Enlightenment 0.17, or as it's usually referred – E17 is one of the DEs, and mighty old one too. If I remember correctly, only KDE is even older. Not that it matters – after initial burst of activity, there was 10 years of coma and version stayed on 0.16. Now, the thing has been revived, devs not only made new release but also have took up the task to enlarge whole desktop to new level – new libraries, new apps and so on. There are lot of information on their page for you, curious ones.
Whole thing is written totally differently of other Linux desktops – which makes it also totally uncompatible with anything outside their own package-range. It also looks and behaves very differently of others. And it is blindingly fast.
It is not a popular DE. Seems that only Bodhi Linux has it as default DE. But quite a few distros provide a meta-package. Whole thing looked freaky and interesting to me.
I tried to install Bodhi twice, with exactly the same result: installation hung after discovering my mouse... I have no idea why my mouse was so frightening to Bodhi.

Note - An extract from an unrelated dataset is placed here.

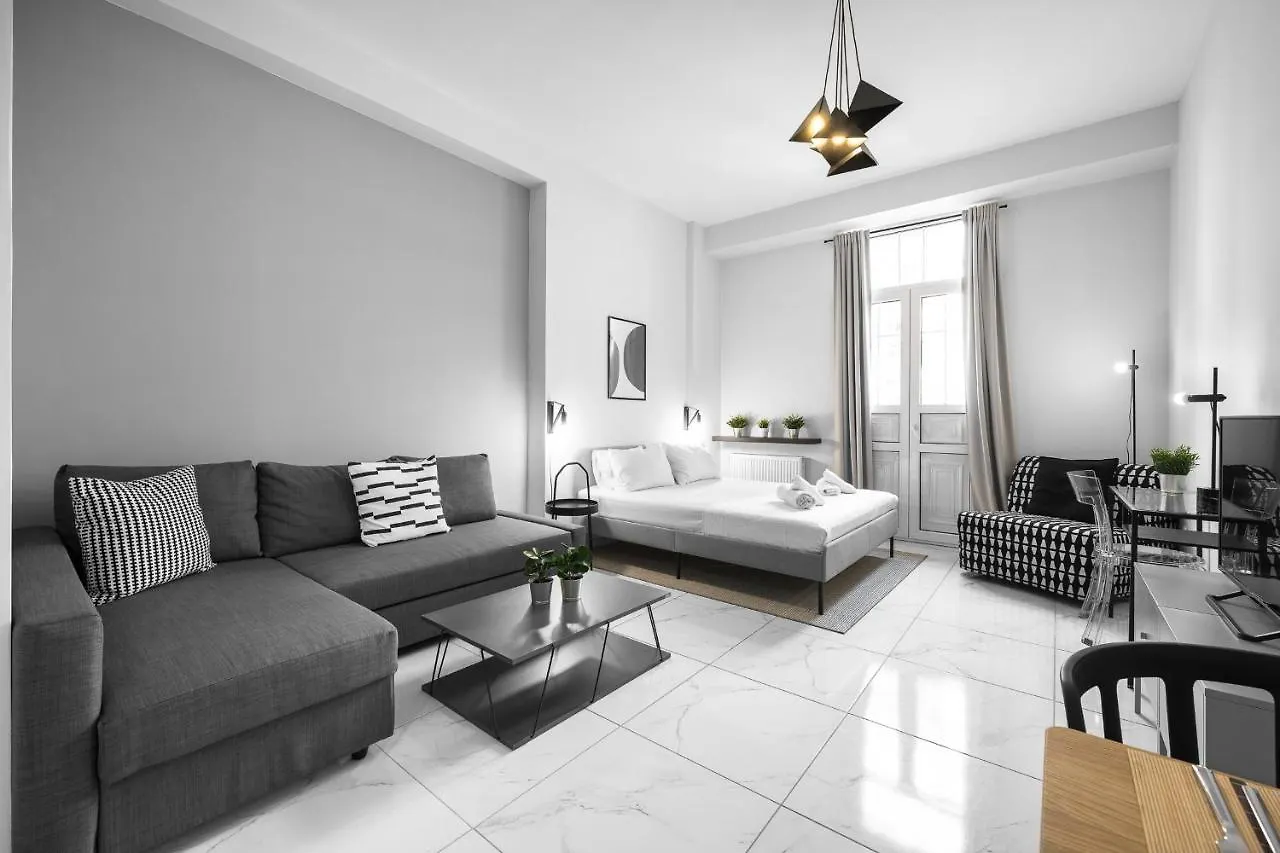 Breez Apartments, The Luxury Suites Thessaloniki Apartment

But being stubborn, I then took another road - installed Lubuntu as a test-base and stuck E17 meta-package into it as a separate session.
When running E17 session for a first time, you will be asked various settings-questions. It made me feel in a contradictory way – 'oh it's so caring' and at the same time - 'why the hell I couldn't do all this afterwards, on desktop'.
One of things it asks is general font size – which is presented as bunch of size samples. I left it default – which appeared to be 11pt or so. When arriving to desktop I was greeted by font sizes of approximately 6pt... which is almost bloody unreadable!
Changing font sizes was extremely unwieldy and silly, and despite I changed everything to bigger – everything did not change. And what did was now too big. Doh.
There were obvious bugs and glitches. There wasn't any connection – 'you have to install connman' announced E17 helpfully – which you can't download of course, because you don't have connection...
And whole menu architecture was freaky indeed. And despite of nice icon-set whole desktop looked ugly and outdated.
'Completely remove' after one hour ended my date with E17.

The second thing I tested was Qimo Session – a package of educational Xfce-based kid-games. If I am not mistaken, for age 3-7. Contains various alphabet, word, number, association, math and so on games. Also has Kid-Paint – a simple drawing app, with a lot applicable stamp-pictures, different brushes and talking voice. Quite nice thing this Qimo, if a bit rough around edges.
After successful testing I installed Xubuntu + Qimo to my sons' computer as a double-boot with Winxp. Son definitely prefers Linux, well, because of games, I suppose. Or maybe because Ubuntu is the first choice in Grub ...
Also – as two different sessions are kind of overkill for 3,5 year old, I fused them together. Qimos' apps invaded Xfce menu anyway. So I left only Xfce (passwordless login – see 'Users and groups' ) and took Qimo away from login screen.
HOW-TO remove a session from login menu: Which is very simple thing to do, really (I am talking about Xubuntu, and accordingly, of Lightdm greeter (Light Display Manager)).
Go to /usr/share/xsessions, where .desktop files for every installed session live – delete or rename those you don't want to appear in greeters' menu. Easiest way, probably is: Open terminal, type sudo thunar, enter your password, file manager starts with root privileges, navigate to abovementioned place, rename currently un-needed files.
There is also Quest session in greeters' menu – and this is not represented by .desktop file. To remove that: Go to /etc/lightdm/ folder, open terminal, type sudo leafpad lightdm.conf, and add new line to the end of file
allow-guest=false
Save, and next login will be Questless.

Besides testing those two DEs, I also played around with Lxde itself – which I found a bit too 'light' for me. That is – Lxde really is very light thing, not very much a desktop if compared to gnome or Xfce. It even uses Openbox as a window manager, 'cause it doesn't have its own. Not that Lxde doesn't have its uses – if you have really old rig, then it's spot on and fits well.

THING TO AVOID: When installing Lubuntu I put Grub to MBR and overwrote Grub2 of Xfce. I then booted to my Xubuntu and did update-grub, and everything seemed OK.
When I finished my tests and decided to remove Lubuntu, I went to Xubuntu, formatted Lubuntu partitions, did update-grub again, rebooted – and found non-booting bootloader.
So, updating Grub is not enough in such case, I probably should have to reinstalled whole Grub from Xfce - after Lubuntu install.
I googled, I tried to repair my Grub (no immediate success). Then I decided that reinstalling whole Xubuntu again is lesser pain – and that was what I did.
And I probably used up at least three day quantity of curses. Sigh. And repeating once more – do not overwrite booloader you want to use afterwards. Put new one into root partition and it will cease to exist without problems when daddy Format comes.